Implications: Considering that the time involved in getting a clearance from CCI may span up to 7 months, there is likelihood that the information submitted along with the forms may become outdated or irrelevant at the time of actual grant of clearance. Further, there also remains possibility of change in market conditions / circumstances requiring parties to the combination withdraw their application. The current provisions relating to combinations under the Combination Regulations do not provide for withdrawal of application / updation of information in above circumstances.
ð Other key provisions
a. Single notification involving multiple tranches. The Combination Regulations clearly stipulate that where the ultimate intended effect of a business transaction is achieved by way of a series of steps or smaller individual transactions which are inter-connected or inter-dependent on each other, one or more of which may amount to a combination, a single notice, covering all these transactions, may be filed by the parties to the combination.

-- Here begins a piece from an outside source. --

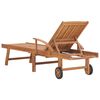 vidaXL Sun Lounger with Grey Check Pattern Cushion Solid Teak Wood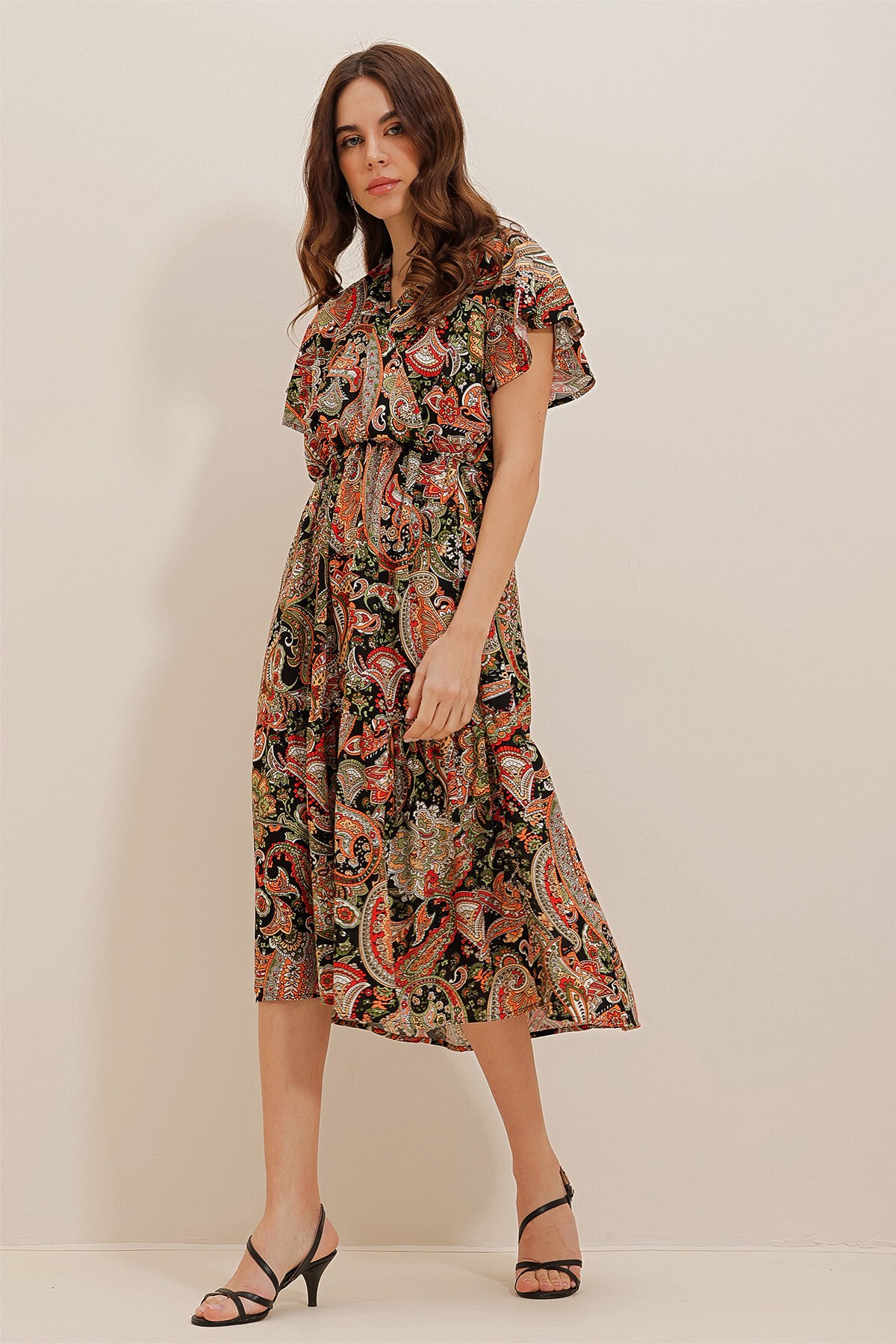 Yeşil-Siyah Kruvaze Yaka Desenli Midiboy Dokuma Viskon Elbise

b. Flexibility to follow accounting standards for disclosure of information in forms. As per the notes to the Forms to be filled for the purpose of the Combination Regulations, accounting standard as notified by the Government of India, from time to time, or the International Financial Reporting Standards or the US Generally Accepted Accounting Principles shall be followed for the purposes of computing figures (including turnover).
c. Joint ventures under Competition Act. The Combination Regulations do not provide any specific regulations/ guidelines governing joint ventures in India unlike anti-trust laws of other jurisdictions. Joint venture being highly flexible concept is increasingly becoming popular form of competitor collaboration and therefore is likely to attract the provisions relating to anti-competitive agreement, abuse of dominance and regulations of combinations and therefore specific guidance in relation to the same becomes important. However, joint ventures are listed as a defence to an anti competitive agreement in the event it increases efficiency.

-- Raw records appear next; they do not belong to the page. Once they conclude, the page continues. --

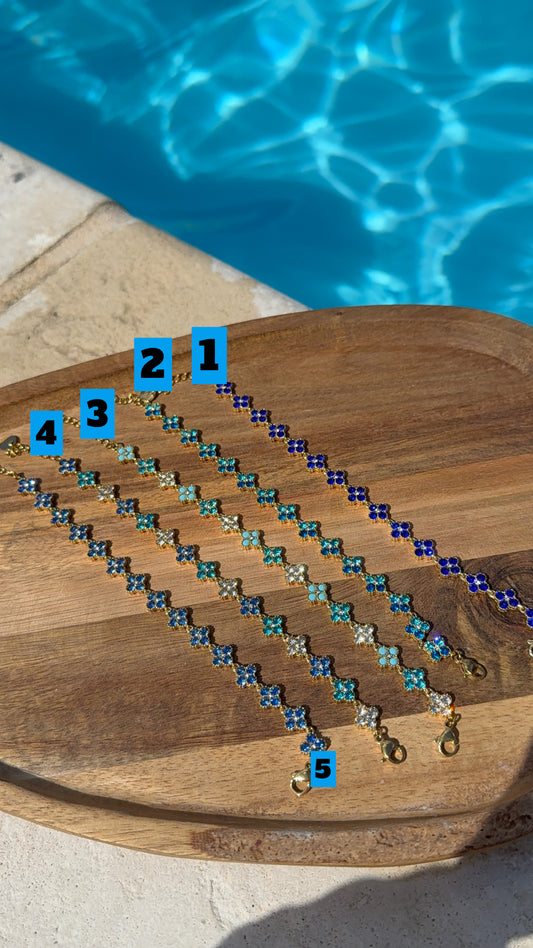 Bracelets trèfle tons bleus DIANA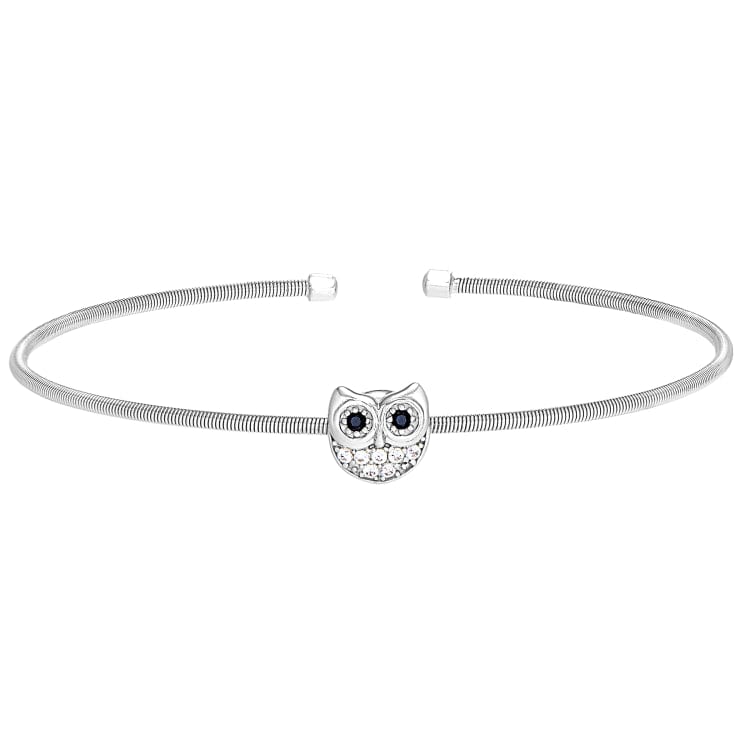 Rhodium Finish Sterling Silver Cable Cuff Owl Bracelet with Simulated Diamonds - LL7080B-RH-Kelly Waters-Renee Taylor Gallery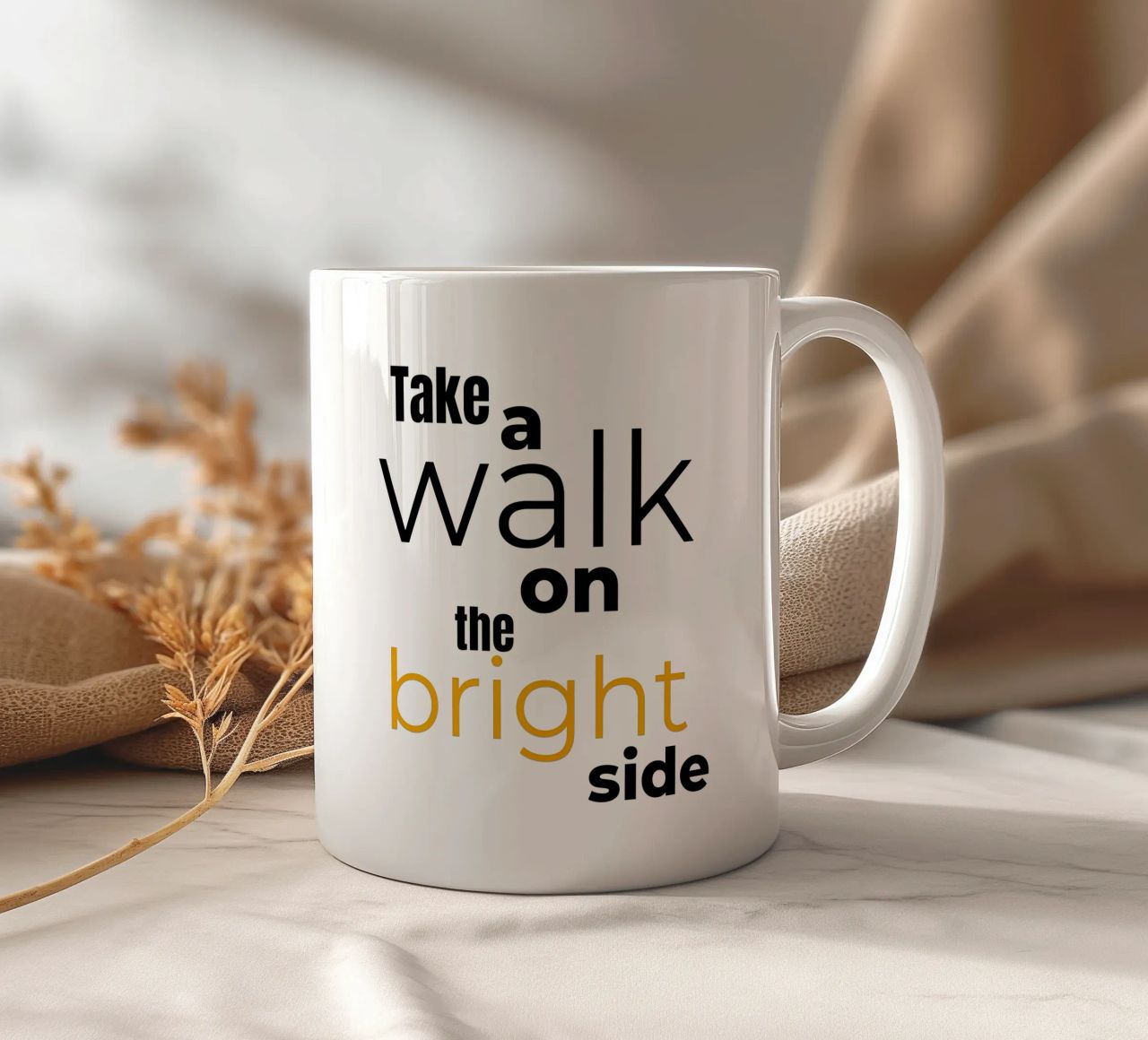 take a walk on the bright side tazza in ceramica da Happy 😃 Art 🎨 by Christine Schnoell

d. Definition of enterprise. The definition of an ‘enterprise’ implies an ongoing entity and therefore new company may not specifically be classified as an enterprise under Section 5.
e. De-minimus provisions continue. It may be noted that vide its notification on March 4, 2011 the Government of India had exempted the acquisitions of small enterprises whose turnover is less than INR 7.5 billion (approx USD 167 million*) or whose assets value is less than INR 2.5 billion (approx USD 56 million*) from the definition of combination as defined under Section 5 of the Competition Act. However, it is still to be clarified as to whether or not this enterprise value is only limited to the assets/ turnover in India.Conclusion:
With the recent notification of the Combination Regulations, all the provisions of the Competition Act have finally been implemented - the process of which began almost a decade ago! This means all transactions, by whatever name called, will have to comply with the provisions of the Competition Act in order to avoid consequences of violation thereunder.
While there existed some jurisprudence on anti competitive and abuse of dominant position under the erstwhile anti-trust laws of India before their implementation, the same is not the case in relation to merger control. This will pose a challenge for both the competition law regulator and corporate India as merger control provisions may probably change the dynamics of doing transactions in India. While on the one hand the promising competition law regulator assures that combinations notified with them will be handled effectively, there remain concerns for the public at large as to whether the same will turn into another department monopolized by bureaucrats and red tapism.
1 A party to the combination shall be deemed to be predominantly engaged in export of goods or services from India if at least seventy five percent (75%) of the turnover of the party to the combination is derived from exports out of India.